4. Spending too much
See above. Just don’t do it. You are not actually contractually obligated to spend more than you have on other people. Anyone who expects that from you sucks. We put that pressure on ourselves. It’s a choice.
5. Work parties
You have a job. Shut up.
6. Vegetarians/vegans/gluten-freegans, pesca-what’s-a-tarians
Hey! How nice! You have friends! Friends who have beliefs and care about their bodies! And who want to come over and eat at your house!
7. People spoiling your children (I’m looking at you, Mom)
See #4. This is one way to address it. Let other people do the spending for you! But seriously now…people love your children, and children love to be loved and spoiled once in a while. This is definitely not the worst problem anyone has ever had.
8. Your children asking for too much because they’re tiny, entitled consumers
My name is Jennifer Shotz, and I am a tiny, entitled consumer enabler. So I can speak from experience when I say that this is not something that can be solved all at once. This is a thoughtful, conscious way of being that we need to model for our kids all year long. Starting Jan. 1, 2015.
Much like you will miss your family members one day, you’ll miss the rain, sleet, snow and black ice (does anyone else want to shout “BLACK ICE!!!” every time that phrase comes up?) when global warming does away with them completely. Also, it’s WEATHER. What, exactly, do you think complaining could possibly do to change it?

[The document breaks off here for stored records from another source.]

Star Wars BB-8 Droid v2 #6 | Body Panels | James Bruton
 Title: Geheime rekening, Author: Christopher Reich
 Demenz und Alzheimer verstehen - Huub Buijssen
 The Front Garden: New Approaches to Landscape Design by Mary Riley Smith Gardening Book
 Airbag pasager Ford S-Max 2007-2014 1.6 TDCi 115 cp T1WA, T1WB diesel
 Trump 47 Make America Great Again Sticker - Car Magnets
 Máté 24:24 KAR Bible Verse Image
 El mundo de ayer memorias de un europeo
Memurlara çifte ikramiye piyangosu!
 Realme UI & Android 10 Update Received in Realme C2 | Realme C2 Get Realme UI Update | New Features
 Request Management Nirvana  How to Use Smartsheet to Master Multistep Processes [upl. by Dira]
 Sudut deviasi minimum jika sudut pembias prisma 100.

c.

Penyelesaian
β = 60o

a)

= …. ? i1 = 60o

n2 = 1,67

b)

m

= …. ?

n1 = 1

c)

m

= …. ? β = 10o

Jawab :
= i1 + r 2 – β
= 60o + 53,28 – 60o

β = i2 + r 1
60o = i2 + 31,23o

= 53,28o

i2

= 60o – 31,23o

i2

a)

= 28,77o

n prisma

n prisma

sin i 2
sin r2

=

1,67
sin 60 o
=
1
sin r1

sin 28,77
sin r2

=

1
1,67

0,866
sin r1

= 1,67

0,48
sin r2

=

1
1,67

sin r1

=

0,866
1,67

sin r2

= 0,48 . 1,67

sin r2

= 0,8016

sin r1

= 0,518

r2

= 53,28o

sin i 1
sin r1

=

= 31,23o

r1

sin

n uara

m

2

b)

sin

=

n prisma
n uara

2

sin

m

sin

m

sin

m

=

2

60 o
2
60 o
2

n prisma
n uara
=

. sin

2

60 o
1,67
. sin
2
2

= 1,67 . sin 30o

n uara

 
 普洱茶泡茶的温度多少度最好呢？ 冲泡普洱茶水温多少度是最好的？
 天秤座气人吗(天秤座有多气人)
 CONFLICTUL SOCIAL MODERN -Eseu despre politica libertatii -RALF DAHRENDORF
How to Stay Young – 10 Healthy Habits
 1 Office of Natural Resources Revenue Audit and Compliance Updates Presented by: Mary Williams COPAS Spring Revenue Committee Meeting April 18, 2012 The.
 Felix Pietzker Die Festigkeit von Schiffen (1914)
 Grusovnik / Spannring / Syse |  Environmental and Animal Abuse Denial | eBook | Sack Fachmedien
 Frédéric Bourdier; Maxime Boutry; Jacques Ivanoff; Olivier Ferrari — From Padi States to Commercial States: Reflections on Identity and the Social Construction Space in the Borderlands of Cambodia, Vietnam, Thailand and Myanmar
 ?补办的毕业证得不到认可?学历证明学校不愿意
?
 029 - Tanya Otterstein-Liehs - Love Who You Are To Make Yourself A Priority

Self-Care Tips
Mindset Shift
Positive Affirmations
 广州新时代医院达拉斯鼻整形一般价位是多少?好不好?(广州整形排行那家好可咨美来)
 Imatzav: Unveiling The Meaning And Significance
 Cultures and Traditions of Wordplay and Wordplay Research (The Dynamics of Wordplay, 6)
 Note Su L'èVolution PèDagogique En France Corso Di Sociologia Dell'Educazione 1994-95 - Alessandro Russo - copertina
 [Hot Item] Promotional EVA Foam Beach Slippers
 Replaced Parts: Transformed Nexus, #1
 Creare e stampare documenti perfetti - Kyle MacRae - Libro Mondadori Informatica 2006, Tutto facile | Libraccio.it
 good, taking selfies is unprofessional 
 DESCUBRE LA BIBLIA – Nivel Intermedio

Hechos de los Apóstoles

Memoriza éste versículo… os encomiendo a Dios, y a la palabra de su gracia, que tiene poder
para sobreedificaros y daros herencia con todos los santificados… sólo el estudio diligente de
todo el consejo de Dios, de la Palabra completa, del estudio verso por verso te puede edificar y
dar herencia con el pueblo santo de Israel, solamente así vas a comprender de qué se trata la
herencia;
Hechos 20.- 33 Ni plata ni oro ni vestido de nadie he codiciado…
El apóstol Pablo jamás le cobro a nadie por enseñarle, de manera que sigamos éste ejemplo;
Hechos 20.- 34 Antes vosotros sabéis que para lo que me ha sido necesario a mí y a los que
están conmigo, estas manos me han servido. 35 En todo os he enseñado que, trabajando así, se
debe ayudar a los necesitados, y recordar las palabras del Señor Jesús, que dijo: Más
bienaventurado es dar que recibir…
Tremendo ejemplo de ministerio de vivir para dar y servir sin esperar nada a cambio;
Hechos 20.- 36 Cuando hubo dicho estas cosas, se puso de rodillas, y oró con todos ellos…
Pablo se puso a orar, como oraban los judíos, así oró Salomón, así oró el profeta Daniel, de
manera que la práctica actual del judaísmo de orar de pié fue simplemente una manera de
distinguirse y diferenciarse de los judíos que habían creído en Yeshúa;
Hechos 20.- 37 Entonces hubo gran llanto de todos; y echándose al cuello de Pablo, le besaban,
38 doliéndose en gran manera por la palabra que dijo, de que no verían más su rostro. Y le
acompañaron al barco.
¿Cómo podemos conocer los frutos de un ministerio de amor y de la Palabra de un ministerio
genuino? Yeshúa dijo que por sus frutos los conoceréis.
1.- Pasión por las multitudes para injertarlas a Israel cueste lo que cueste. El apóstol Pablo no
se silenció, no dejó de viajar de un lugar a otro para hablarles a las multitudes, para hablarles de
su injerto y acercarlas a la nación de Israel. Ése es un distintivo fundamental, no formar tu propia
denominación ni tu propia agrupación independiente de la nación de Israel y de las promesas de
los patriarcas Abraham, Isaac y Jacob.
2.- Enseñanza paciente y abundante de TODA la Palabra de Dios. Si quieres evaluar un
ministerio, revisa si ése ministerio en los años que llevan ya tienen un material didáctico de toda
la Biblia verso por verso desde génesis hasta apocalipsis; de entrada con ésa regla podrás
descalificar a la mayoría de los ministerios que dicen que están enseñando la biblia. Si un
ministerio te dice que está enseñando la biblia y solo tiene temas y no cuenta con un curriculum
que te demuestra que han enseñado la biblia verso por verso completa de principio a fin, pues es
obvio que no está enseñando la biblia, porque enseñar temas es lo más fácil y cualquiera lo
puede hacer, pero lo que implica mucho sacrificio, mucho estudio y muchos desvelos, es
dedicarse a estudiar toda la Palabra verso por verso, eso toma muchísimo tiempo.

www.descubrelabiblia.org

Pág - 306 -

You have people to go see and the disposable income to buy a plane/train/stagecoach ticket. The crowds are terrible, people behave in direct opposition to the principles of the holiday spirit, and the inner Scrooge residing in your deepest core is stretching and yawning, awake again after a 51-week nap. But that’s what you signed up for when you planned this trip and chose to go somewhere else at the busiest time of year. You’re going because, for better or worse, you want to be with people you care about, who care about you, at a time when our hearts are cracked open just a teeny bit more than usual. You’re traveling to share love—just like all the other millions of nasty-faced assheads standing in the security line behind you. So when your patience is threadbare and you’re stranded on the tarmac at O’Hare with only one granola bar to split among a family of four, try to remember that we’re all in it together…one big happy holiday human stew.